The oldest child, a girl with burn scars covering her arms, spoke in broken English: "They inject us. Make us sick. Then more injections. Some die. Some... change."

I knelt, careful not to startle them. "We're getting you out of here. All of you."

"Alex," Frenchie's voice came through the earpiece, "we've got company. Syrian military convoy approaching. ETA three minutes."

No time. I turned to Titania. "You're going to help me evacuate these children. Carry as many as you can."
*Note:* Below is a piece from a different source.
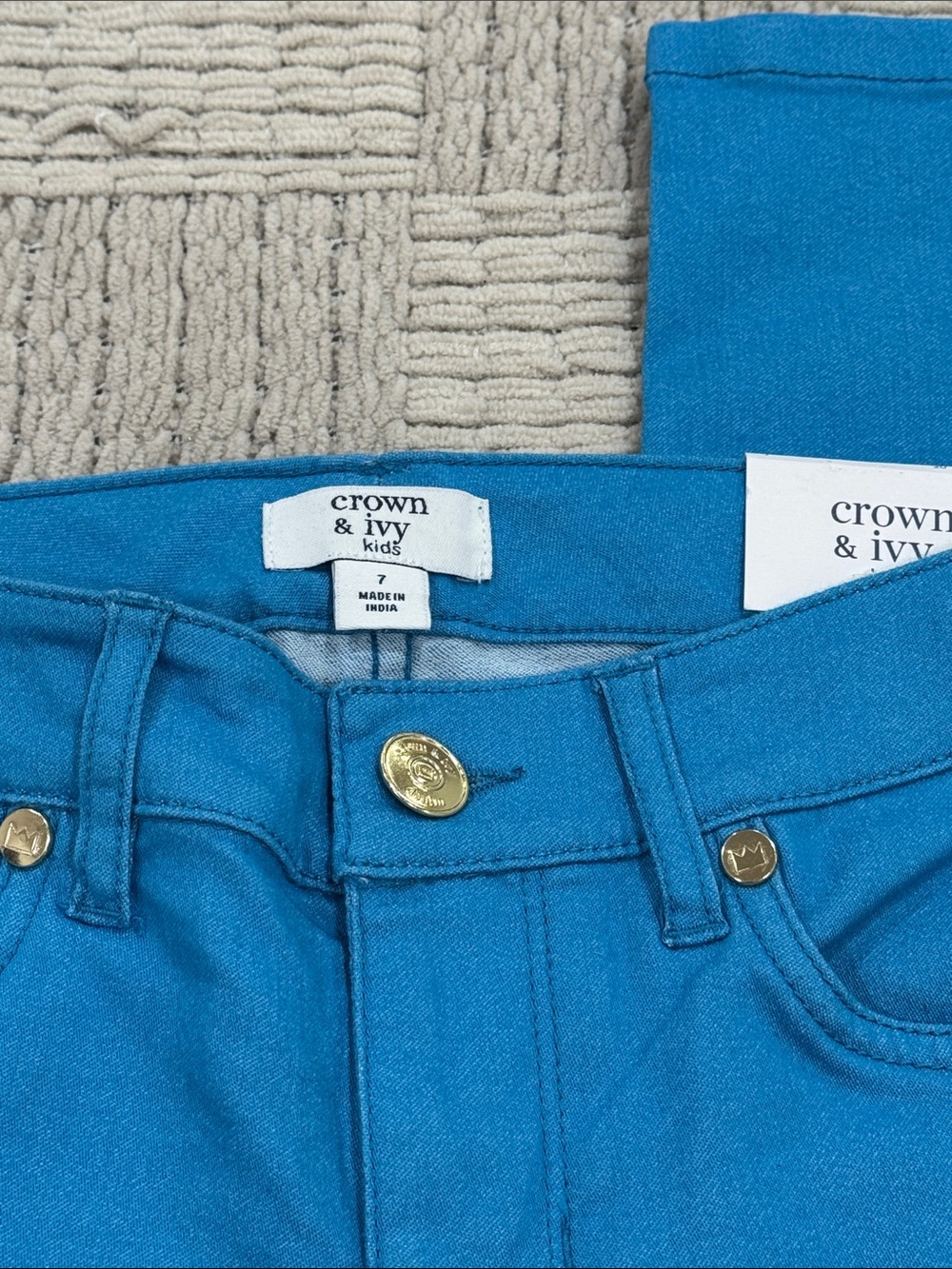 Crown & Ivy Cobalt Blue Skinny Jeans with Gold-Tone Hardware - Picture 4 of 6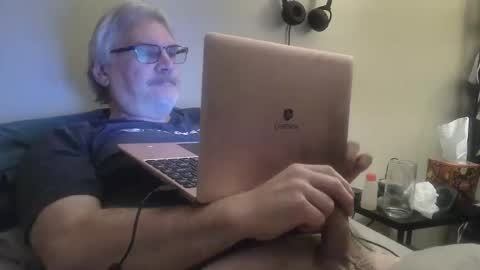 kingtongue10 online show from April 7, 2026, 11:32 am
She moved mechanically, gathering children into her arms. I did the same, whispering reassurances in languages I barely knew. The smallest—a boy missing an eye—clung to my neck like a lifeline.

We burst through the hospital's rear entrance as headlights appeared down the road. Butcher's team had the van ready, doors open.

"Move!" MM shouted, covering our retreat with aimed rifle fire at the approaching vehicles.

Children piled into the van, sobbing with terror. Titania stood frozen at the threshold, warring with my hypnotic commands and her own awakening conscience.

"Go with them," I told her. "Protect them. Get them somewhere safe."

She met my eyes, really seeing me for the first time. "Why?"

"Because it's what heroes do."

The words seemed to strike her like a physical blow. Without another word, she climbed into the van.

As we sped away into the Damascus night, I looked back at the burning hospital. Somewhere in those flames were the records of Vought's atrocities. The evidence that could bring them down.

And I'd just let one of their most dangerous weapons walk away.

"Alex?" Annie's voice was soft in my ear. "What happened down there?"

I watched the children huddling together in the van, the way Titania cradled the smallest ones with surprising gentleness.

"I think," I said slowly, "we just found our first defector."